Two islands of the Great Salt Lake are located within the three counties. Antelope Island, the largest of the two, is located in Davis County. It is a north-south trending island 15 miles long, and three to four-miles wide. Its maximum elevation is 6400 feet rising some 2200 feet above the surface of the lake. Several small, ephemeral streams and some small springs are located in the bottoms of its shallow canyons.
Fremont Island, named in honor of Captain John C. Fremont, is located in Weber County. It trends northwest-southeast and is three-fourths-mile long and one-fourth-mile wide. Its maximum elevation is 4995 feet. The island has no streams and only one small spring.
Both islands probably originated as uplifted blacks (horsts) during the same time as the present Wasatch Range and the Eastern Highlands were formed.
Antelope Island consists of older Precambrian metamorphic and igneous rocks and late Precambrian to Paleozoic sedimentary rocks mantled locally by a thin layer of Quarternary lake deposits, colluvium and alluvium. Fremont Island consists only of late Precambrian sedimentary rocks with a thin cover of Quaternary lake deposits.
The area is broadly defined as semi-arid. However, due to great differences in elevation and exposure, considerable variation in mean annual precipitation is found ranging from a semi-arid condition of six inches or less on the islands of the Great Salt Lake to a sub-humid climate of 45 inches along the tops of the Wasatch Mountains.
In general, seasons are characterized by a wet spring (March to May), warm-to-hot, dry summer (June to August), cool, dry autumn (September to November), and cold, snowy winter (December to February).
Summer storms in the low valleys are infrequent while storms of short duration and high intensity are common in the mountains.
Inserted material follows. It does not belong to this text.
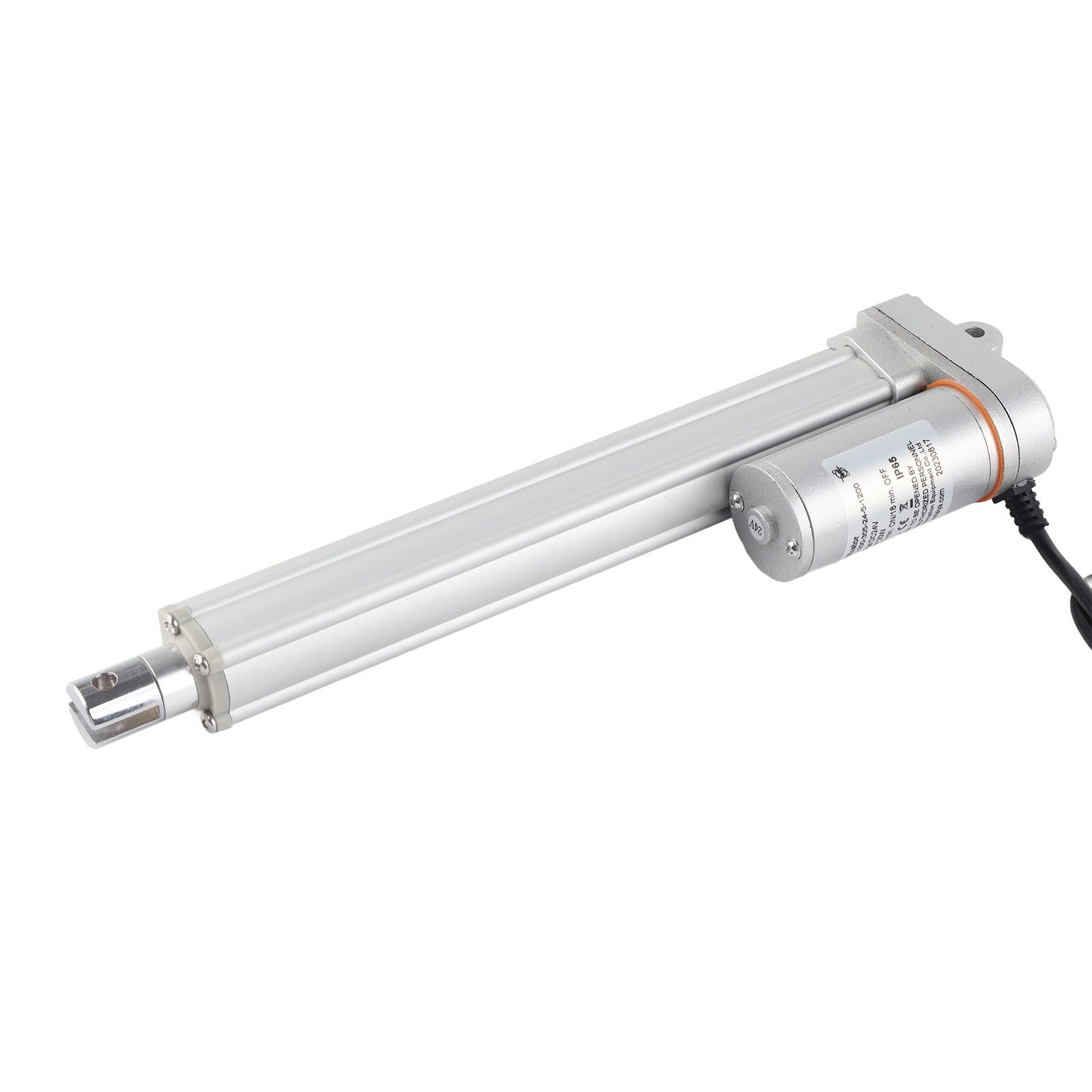 FY017 Linear Actuator Multifunctional Thrust DC Electric Linear Motor Telescopic Pole 200mm Stroke 24V V1294-YM3113220244811-0421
The greatest recorded storm intensity in Farmington Canyon was 2.04 inches per hour. These summer storms are usually a product of convective thunderstorms although some originate when weak cold fronts moving eastward from the Pacific lift the warm, moist air that has come into our area from the Gulf of Mexico. Prevailing winds are from the south and southwest.
Winter storms generally originate with strong frontal systems moving in from the Pacific Northwest and account for 80 percent of the precipitation with most of this falling as snow at elevations above 7000 feet. Snow records from Farmington Canyon show an average depth of snow pack at 7600 feet elevation of 53.3 inches with a water content of 18.6 inches. Snow depths of 18 feet or more in drifts along the mountain tops are common.
Smaller climatic differences such as those found on north-or south-facing slopes of ridges or canyons, particularly if they are steep, are also important. South-facing slopes have greater insulation, higher ground temperature and drier soils. Air temperatures are generally cooler in the canyon bottoms and on the north-facing slopes, while relative humidity is quite variable.
Moisture content of the snow pack is also quite variable. In general south-facing slopes and areas covered by heavy stands of conifers have a greater percentage of moisture per unit of snow depth than those open areas on north-facing slopes. These small, local climatic differences greatly influence the distribution of plants and communities within the study area.